I got pretty fired up when Roy posted the photos from the Mtn. Mag article and my glorious shot didn't appear. I will find it.
Tarbuster

climber
right here, right now
May 4, 2016 - 08:53pm PT
Voilà

Dave Evans, FA of Swept Away, November 1977:


photo, Randy Vogel
bvb

Social climber
flagstaff arizona
May 4, 2016 - 11:01pm PT
Our whole world revolved around 'weekends"

You LA guys. In San Diego we went 24/7, bitches. I got yer Ho Mannnnn right here, Holmes!
Russ Walling

Social climber
from Poofters Froth, Wyoming
May 4, 2016 - 11:37pm PT
You LA guys. In San Diego we went 24/7, bitches.

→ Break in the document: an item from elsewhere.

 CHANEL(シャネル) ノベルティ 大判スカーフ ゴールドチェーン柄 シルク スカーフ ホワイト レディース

Yeah, that may be... but we never taped for size. Aiders on a roll bitches.... Suk it!!
rottingjohnny

Sport climber
Shetville , North of Los Angeles
May 5, 2016 - 05:30am PT
Funny how ' Hoh Man " , a bit of a secret password , spread and to this day invokes laughter ...
Tarbuster

climber
right here, right now
May 5, 2016 - 06:35am PT
Sure ... weekends.

Followed by Monday morning $1.99 breakfast at Don Ricardo's with Russ, Larry Loads, Mo, Driver.

Plus Stony on Tuesday, fingertip pull-up contests on the Boxer's door trim on Wednesday, Rubidoux on Thursday ...

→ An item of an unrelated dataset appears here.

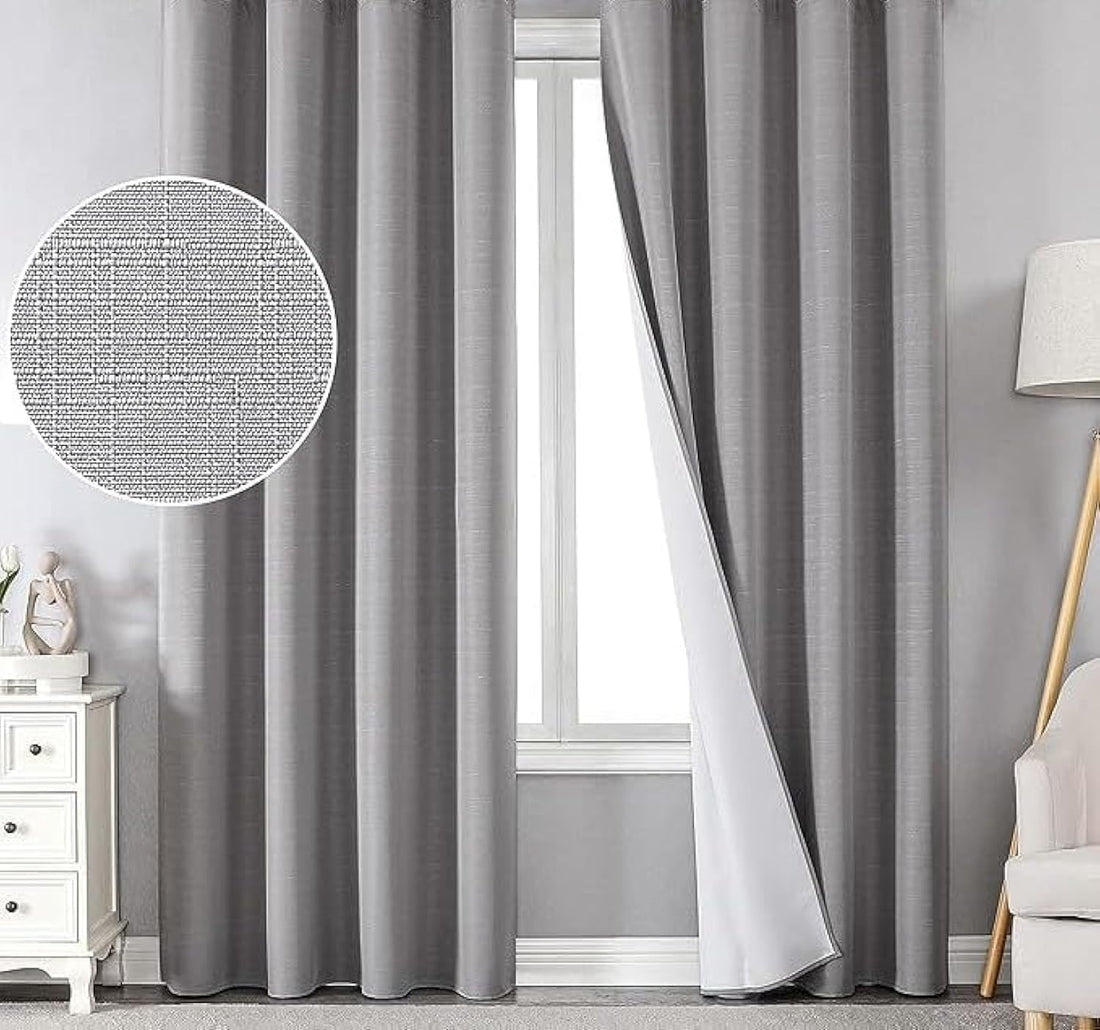 Curtains and Rods 100% Blackout Linen Face Curtains - Thermal Insulated, Multi-Way Header, Grey, 140cm W x 260cm L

And don't get me started about those early 80s multiple-Denny's-stop-pie-coffee-psychotropic-infused all nighter Friday drives out to Josh with The Fish after his machine shop let him off the leash ...
Craig Fry

Trad climber
So Cal.
May 5, 2016 - 09:18am PT
It was all those pebbles down in San Diego that kept the real crags free of vermin.
guyman

Social climber
Moorpark, CA.
May 5, 2016 - 09:56am PT
I was beginning to be part of something – something real and vital and absolutely necessary to the survival of the soul.

Roy.... very true. I was asked one time by one of the young dudes at SP "so this Stonemaster thing did you need to join like a club?" or something along those lines....

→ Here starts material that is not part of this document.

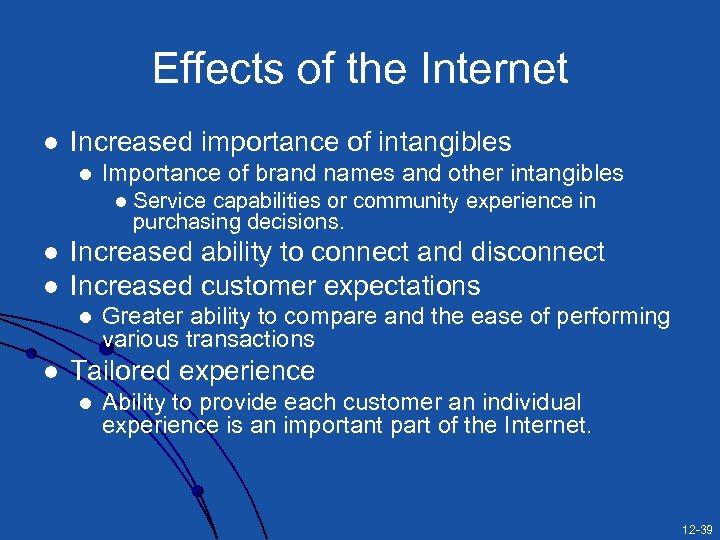 Effects of the Internet l Increased importance of intangibles l Importance of brand names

My reply.... we didn't start out thinking we were special in anyway, we were just very young and we were having a blast with this rockclimbing thing. If you were luckey enuf to have lived in those times and you had something to offer, you became part of the group, and the group swallowed you up.


I reall love that shot of DE on swept away... really shows the whole "I made it to this good hold, now WTF do I do with it? "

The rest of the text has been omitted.